Compare and contrast the nature of the assets and liabilities, and by extension
the major sources of risk, for four financial intermediaries of your choice.

Role of financial intermediaries: To facilitate…surplus deficit together.

What are the 4 broad categories of financial intermediaries: Depository institutions,


investment banks, insurance companies, mutual funds.

What are the two major assets and two major liabilities of these broad category of
financial institutions: Sir has financial statements posted of CIBC, credit union,
fortress mutual fund, bear sterns etc.

City Bridgetown (credit union): Assets: Loans, investments Liabiltiies: deposits,


regulatory capital

Republic bank (depository): Major assets: Advances (loans), investments Liabilities:


deposits, other liabilities (comprise of borrowed funds)

For depository instutions and credit union, they differ as you can see.

For Guardian life (insurance company): Major assets: Bonds (investments), mortgage
loans (loans)
Major liabilities: reserves for policy holders benefits (policy liabilities to provide for
adverse risks)

For fortress (mutual fund): Major assets: Financial assets ( you will see in notes this is
investments ) Major liabilities: Major assets attributable to holders

So difference between assets and liabilities of all these:


Similarities between all : investments (but not depository institutions, for depository
major is loans).

Different in liabilities: banks is deposit but mutual fund and insurance is policy
holders. Note will that in banks, liabilities is short term and their assets are long term.
They are mismatched. So Matury mismatching

For insurance companies assets are long term and liabilities is also long term. So long
term assets are matched with long term liabilities.

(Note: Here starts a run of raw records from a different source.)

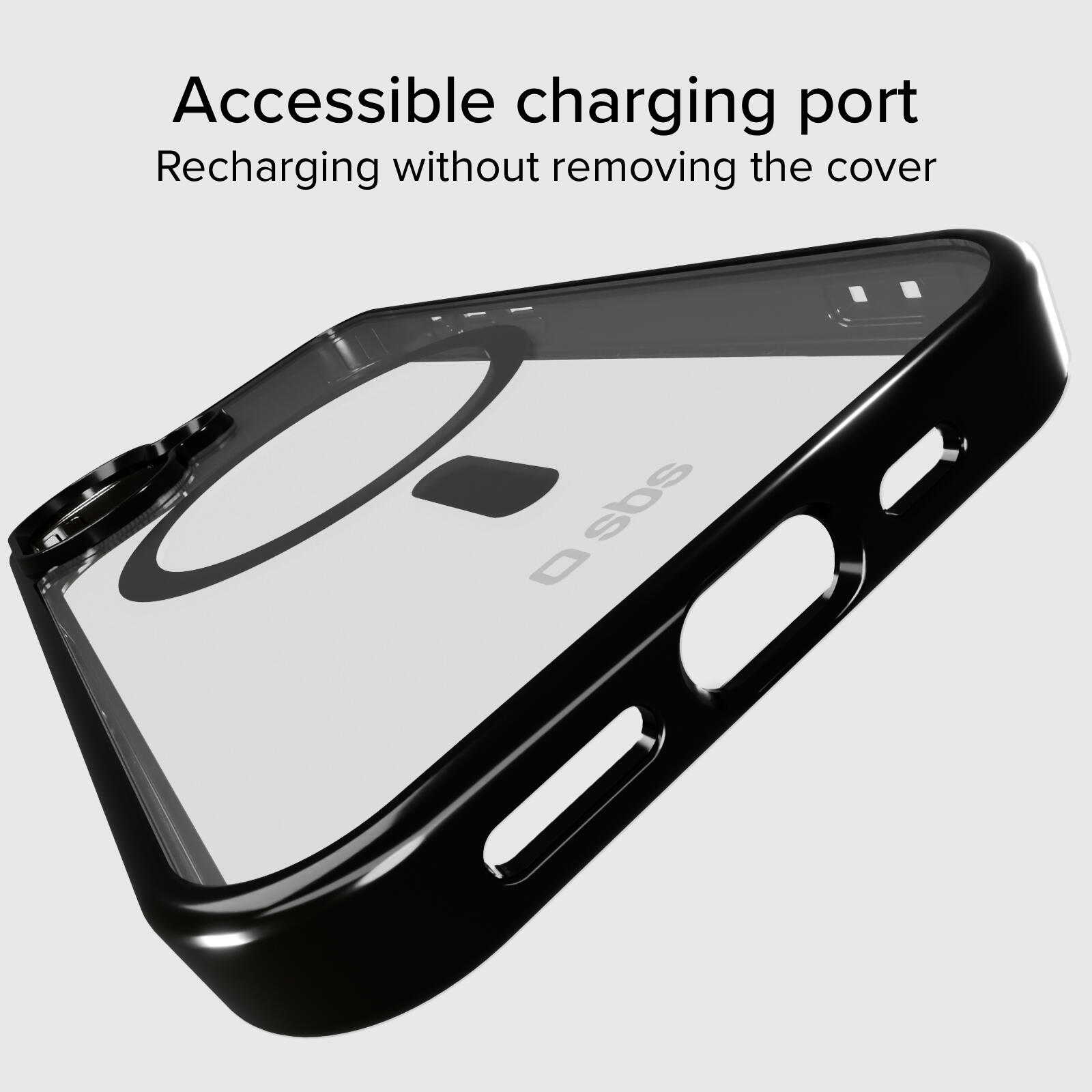 Coque iPhone 16 Plus bords colorés compatible MagSafe 6/7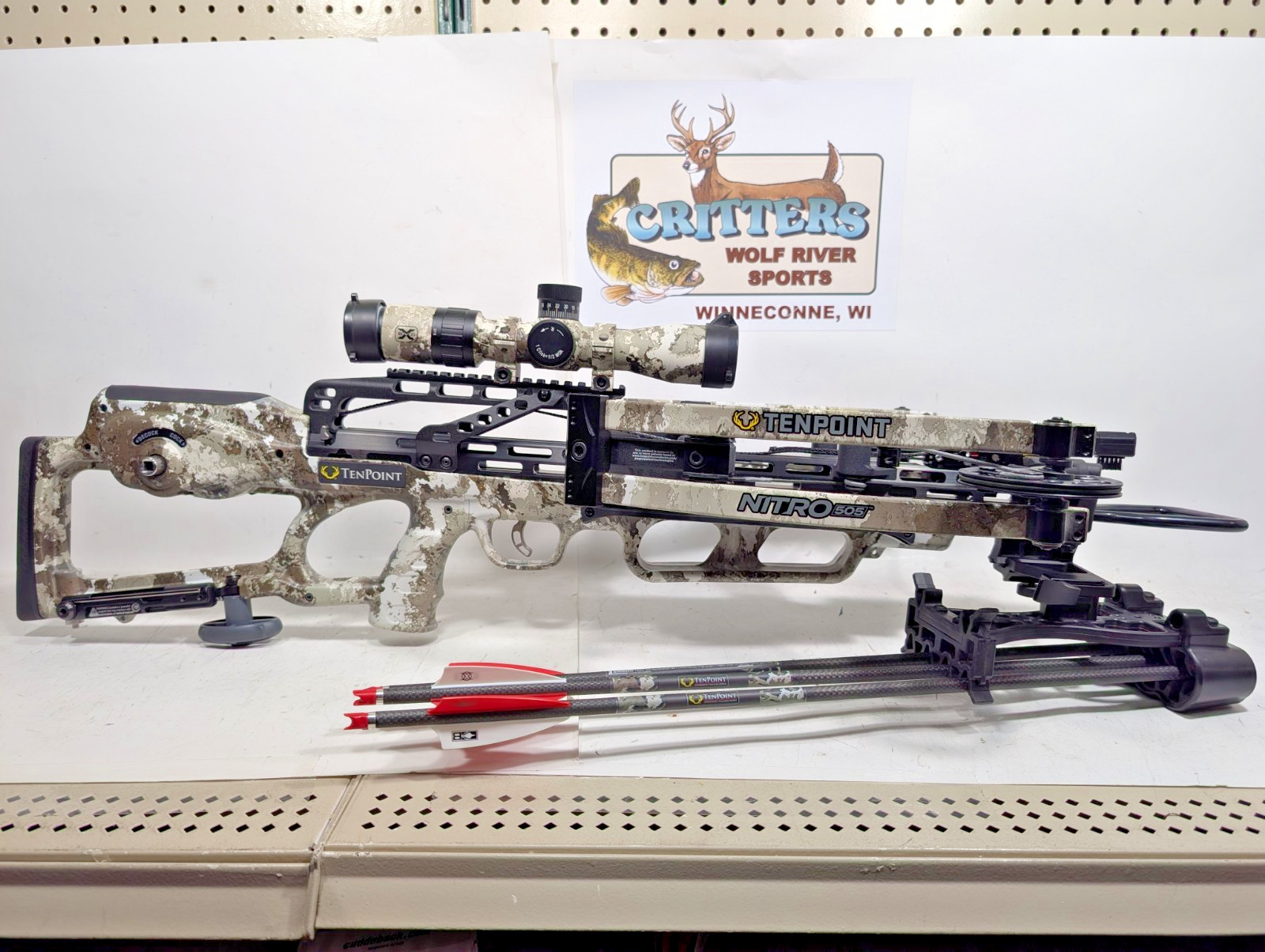 TenPoint Nitro 505 Crossbow Pkg with Acu-Slide Cocking and De-Cocking Technology
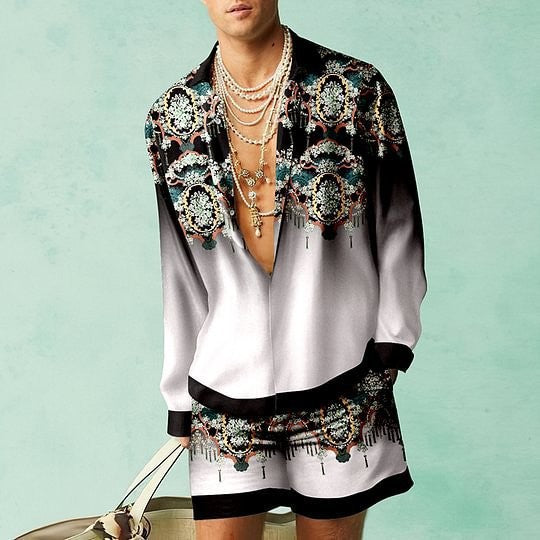 Short Sleeve Shirt Shorts Suit
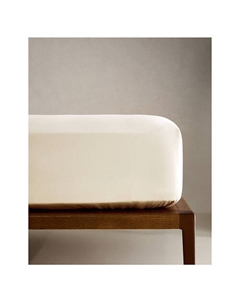 Простыня на резинке 300 нитей сатин 160 x 200 x 30 см Zara home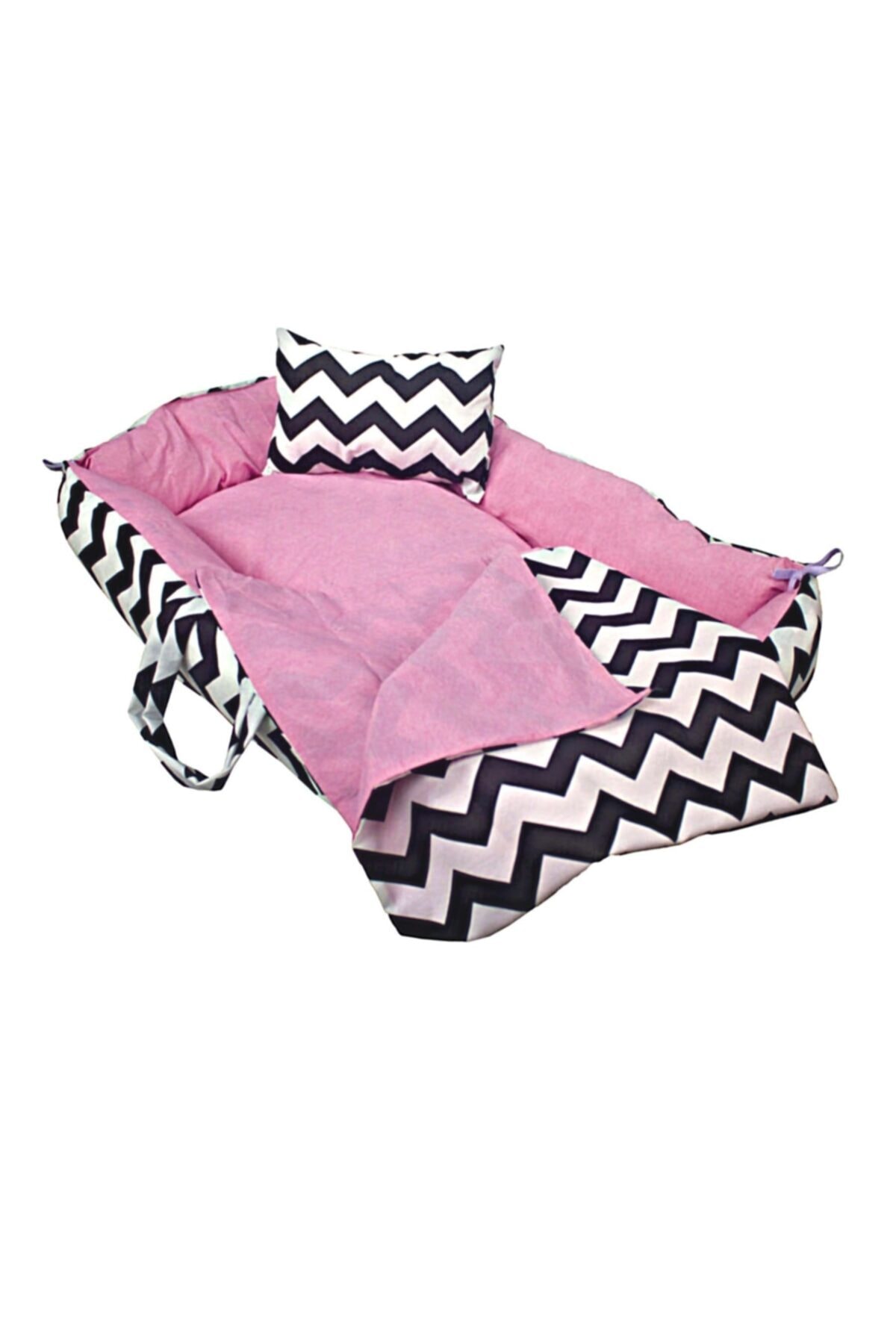 Evene Babynest Ve Örtü Takımı Bebek Yuvası Ana Kucağı Yatak Seti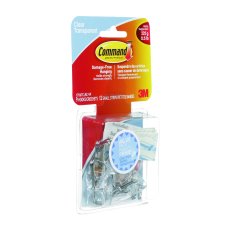 Command Adhesive Small Wire Hooks, 12/pkg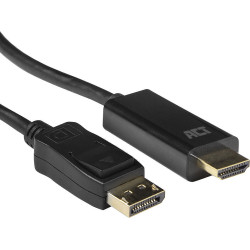 ACT DP MALE - HDMI A MALE    1.80M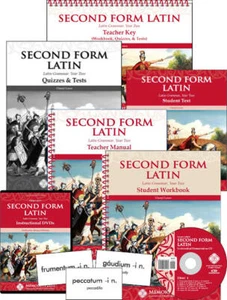 Memoria Press - Second Form Latin Set with DVD and Flashcards 2nd edition - Imagen 1 de 1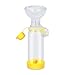 free-space Chamber for Pets Inhaler Spacer for Cat or Dog Handheld Spacer for Giving Medicine to Your Pet with Exclusive Breathing Indicator (for Cat(Yellow))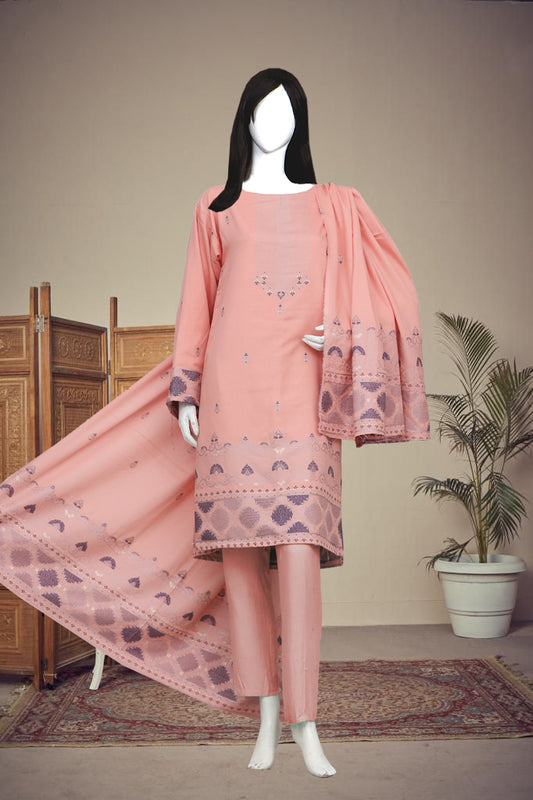 Jayqard karandi Unstitched 3 Piece - 12080505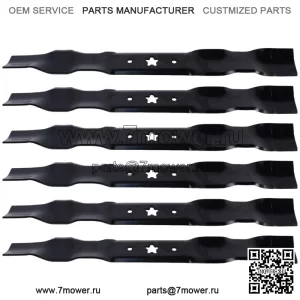 (6) Мульчирующие ножи Mower Blades для дек Poulan 531307223 42 дюйма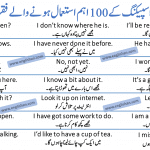 100 Sentences with Urdu Meanings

For mutual fund its long term assets and liabilities are also long term.

So there is a difference between maturity periods of the liabilities of depository


institutions and insurance and mutual funds and because of this RISKS arise.

Now, what are the risks associated with the assets and liabilities of the insitutions?

So for a commercial bank, what is the risk with their short term assets and long term
liabilities? Liquidity risk – not enough assets on board to finance if many people
decide to withdraw money (large amount).
Another risk is credit risk – Because if you extending loans, naturally you are taking
on credit risk. But, by giving out loans, you are facing a risk of default..

There is also credit risk with investments because when you are buying stocks and
bonds but not as much as with loans, since loans are in larger amounts.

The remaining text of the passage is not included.